Laurier Faith Forum is a function of RSAC whose goal is to increase the knowledge, awareness and understanding of religious and spiritual faith traditions as they manifest themselves in a university setting. The history, practice and place of these traditions in our contemporary world will be explored in ways that will enhance the academic and social experiences of student life and that of the faculty and staff. This will be accomplished through maintaining ongoing multi-faith events.
Objectives
1. To deepen campus awareness of religious traditions and practices and promote dialogue and mutual understanding among different religious and spiritual traditions and between religious and secular visions of the world through sponsorship and co-sponsorship of lectures, talks, panels, multi-faith feasts and other events that reflect the spiritual and religious constituency of Laurier.

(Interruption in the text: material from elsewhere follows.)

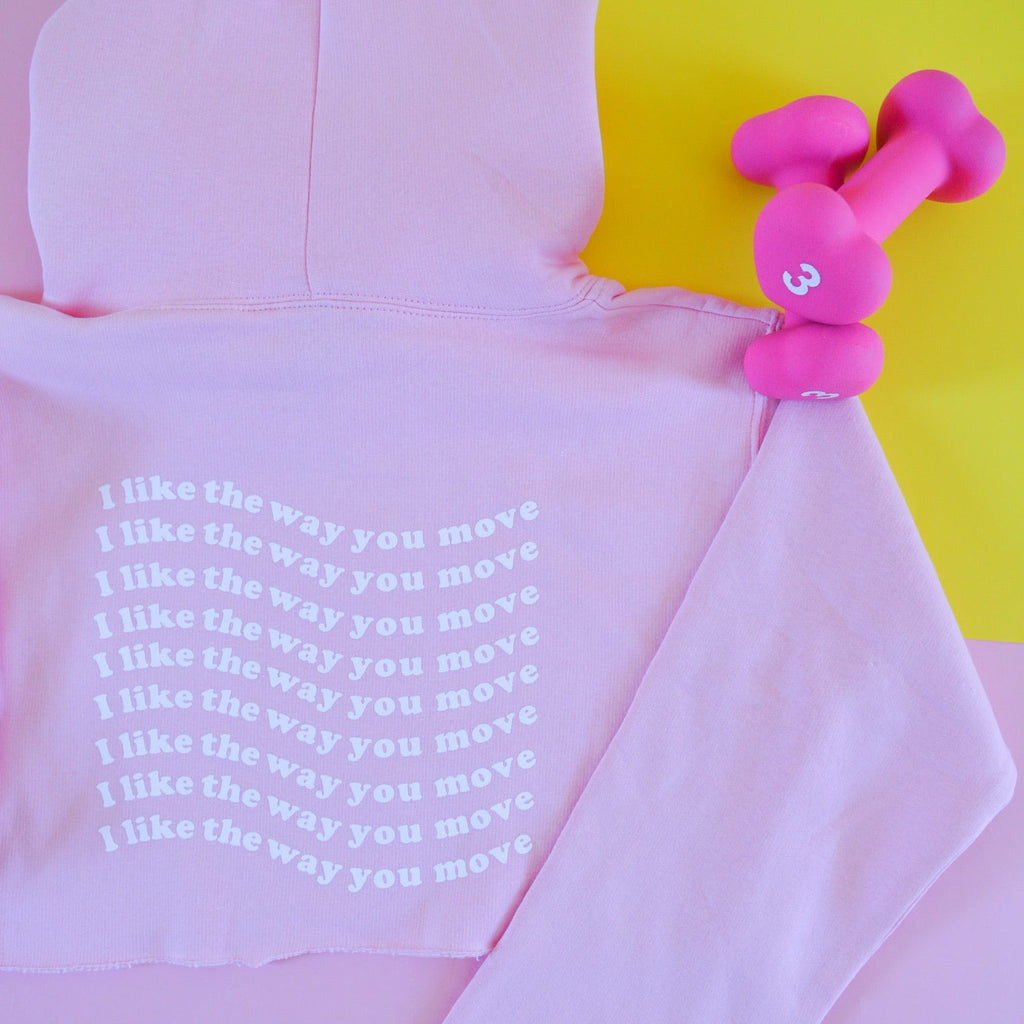 Pink hoodie with I like the way you move text and pink dumbbell on a yellow background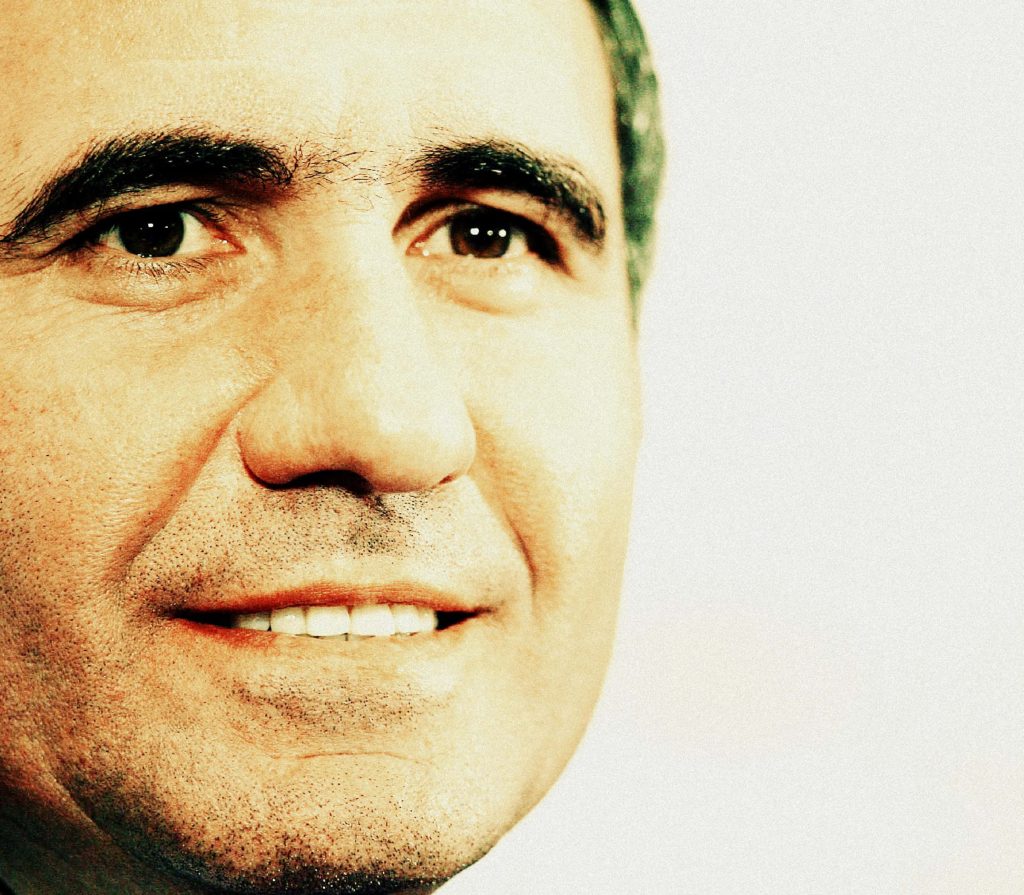 Close-up portrait of Gheorghe Hagi Romanian football legend with warm studio lighting wallpaper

2. To sponsor a Laurier Interfaith Conference on a topic of broad interest that will encourage networking among student religious clubs, faculty and staff.
3. To establish and maintain a Laurier Faith Forum website to announce interfaith events and promote dialogue and understanding among the different faiths.
4. To provide shared spiritual experiences for students representing a variety of religious practices to deepen mutual understandings through exchange, discussion, ritual, prayer and play.
Core Values
Laurier Faith Forum is not organized from one faith perspective or single religious and spiritual tradition. Participants in the Forum represent a variety of traditions. While seeking some common understandings they seek neither to blur the boundaries between traditions nor have the intention to convert any of these traditions to a single vision. Laurier Faith Forum does intend to increase knowledge and encourage communication across faith traditions, cultures, spaces and between religious and secular realms.
We agree on three core values:
1. Intellectual honesty and rigour
2. Deep commitment to interfaith dialogue that leads to interfaith friendship
3. A belief that faith traditions are best represented by their practioners and that no one individual speaks for a faith tradition as a whole.